Wednesday, June 2, 2010

I'm listening to: Frank-Bunny

Donnie: Why do you wear that stupid bunny suit?
Frank: Why are you wearing that stupid man suit?




Scared sleepless by the awful Frank-Bunny and having spent ages trying to figure out the timeline/jet-engine, I think I've finally arrived at a personally satisfactory understanding of the film. The jet-engine that crashes through Donnie's roof in both the Primary and Tangent Universes at the same point in collateral real-time is an Artifact thrown back in time through a wormhole or portal of sorts 28 days later in the Tangent Universe, where its presence is a jarring paradox (since it has no cause for being) that causes a rift in space-time resulting in the Tangent Universe to branch off from the Primary, of which the former occupies the bulk of the plot. So under the urging/orchestration of Frank-Bunny (the Manipulated Dead: having died in the Tangent Universe) and with the help of some other Manipulated Living (Roberta Sparrow/Grandma Death, Miss Pomeroy, Dr. Monitoff, etc.), Donnie is the Living Receiver who unfolds a chain of events that eventually lead up to his deliberate sending of the falling jet-engine through the time portal, thus giving the 28-day-old fallen jet-engine a reason for being, and preventing yet another paradox of two metaphysically identical fallen jet-engines in the Tangent Universe, which would destroy it (and send it back on yet another loop?).
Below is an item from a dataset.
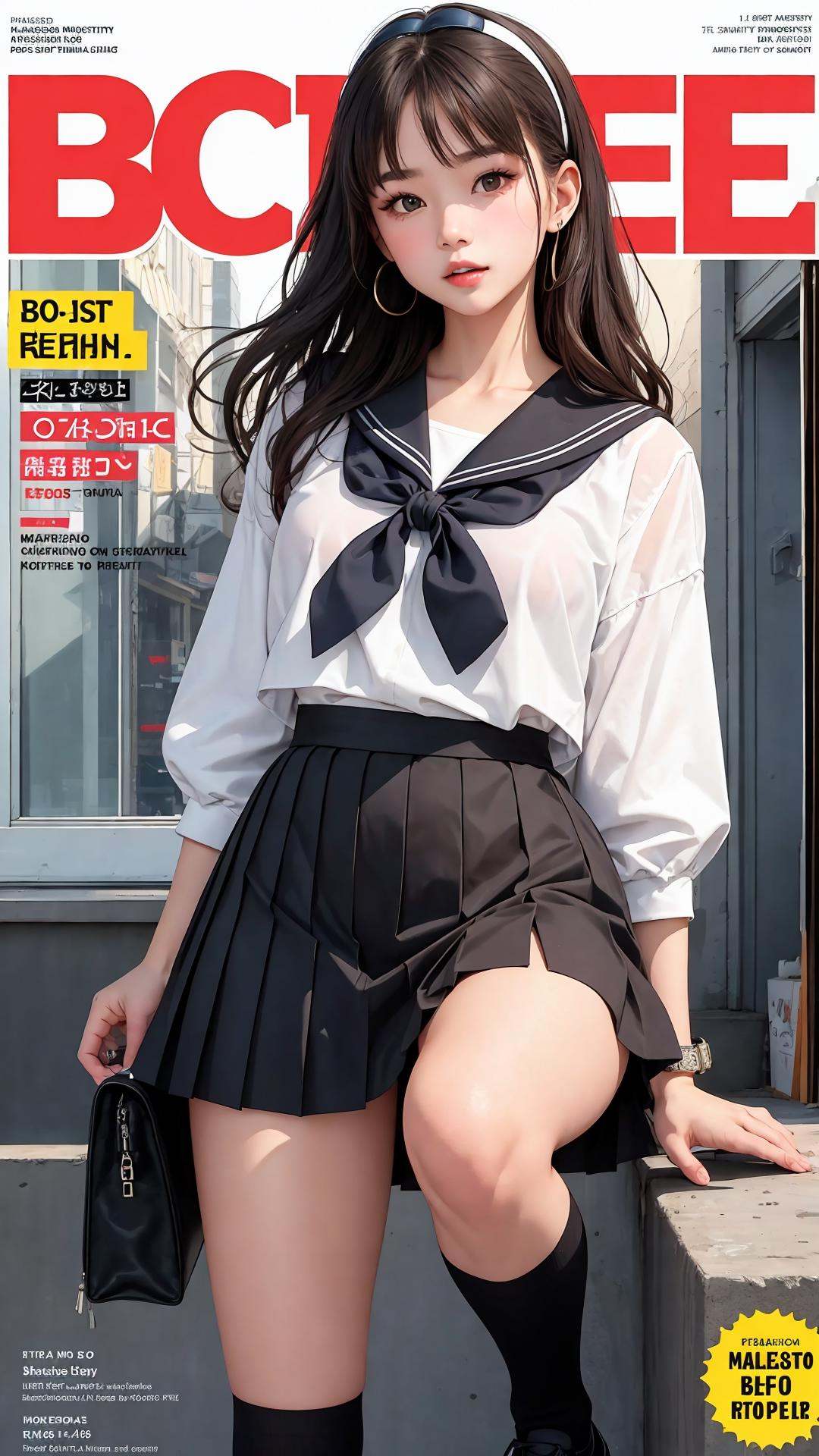 (masterpiece:1.4, best quality:1.4), illustrations, (solo:1.2), (original), (very detailed wallpaper), photographic reality, (ultra detailed:1.4), (super complex details), (Magazine cover-style illustration of a fashionable JK schoolgirl in a stylish outfit), posing in front of a colorful and dynamic background. She has a confident expression and is wearing a chic sailor-style uniform, including a pleated skirt and knee-high socks. Her (black|brown hair) features trendy hair accessories, and her makeup is fashionable. The text on the cover should be bold and attention-grabbing, with the title of the magazine and a catchy headline. The overall style should be modern and trendy, with a focus on Japanese schoolgirl fashion and lifestyle.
Interestingly, information collected from a few web sources (yes, I actually did research!) pointed out that this Tangent Universe goes on a replay loop until this had been done, as suggested by and giving reason for the characters' studied behavior, especially Donnie's creepy smiles; as well as Frank-Bunny's existence, since he dies only in the Tangent Universe, but when he appears to Donnie in it, his death hasn't even taken place yet. Just moments ago, I was wondering what Donnie's eventual death had to do with his saving the world, and I figured it out. He didn't die to save the world, he died because he saved the world, since Frank-Bunny never died to appear as a vision to get him to leave the house before the jet-engine crashed directly on his room. I suppose the former would be accurate as well, since (after multiple Tangent-Universe loops and some retained impression of things and events) the Donnie Darko in replay #? finally did everything he did with the understanding that it would cost him his life. In the theater, he asks Frank-Bunny when 'this' all ends (doubly meaning the relooping as well as the nightmarish visions), and Frank-Bunny replies saying Donnie should know. 

But I don't get why the time portal opens in the Tangent Universe, though I think both Tangent and Primary Universes do not interact at all, save the jet-engine; and they both have equal cause for independent existence (or more accurately the lack thereof for the opposite), which means that the film jumps from one to the other rather than their taking turns to occupy the singular plot. I THINK. And I also don't get why the Tangent Universe branched off prior to the appearance of the jet-engine. Oh wait, that could've been when it was passing through the time portal and flying through the air before it actually landed. Okay. It all makes sense now! Frank-Bunny isn't scary just because of his costume, but what his presence stands for: the space-time warp from hell. Bloody scary. The Donnie Darko filmmakers really bound their cult-classic brainchild well; it was microcosmically perfect, which makes a sequel not only unnecessary but impossibly difficult to successfully produce well, with the expectations it has to live up to. Which is probably why S. Darko sadly but not unexpectedly sucked ass, despite having some (inadequately redemptive of the overall product) interesting qualities of its own.

Oh yes, the fictional Roberta Sparrow's The Philosophy of Time Travel is fascinating. 



And I find it kinda funny, I find it kinda sad
The dreams in which I'm dying are the best I've ever had.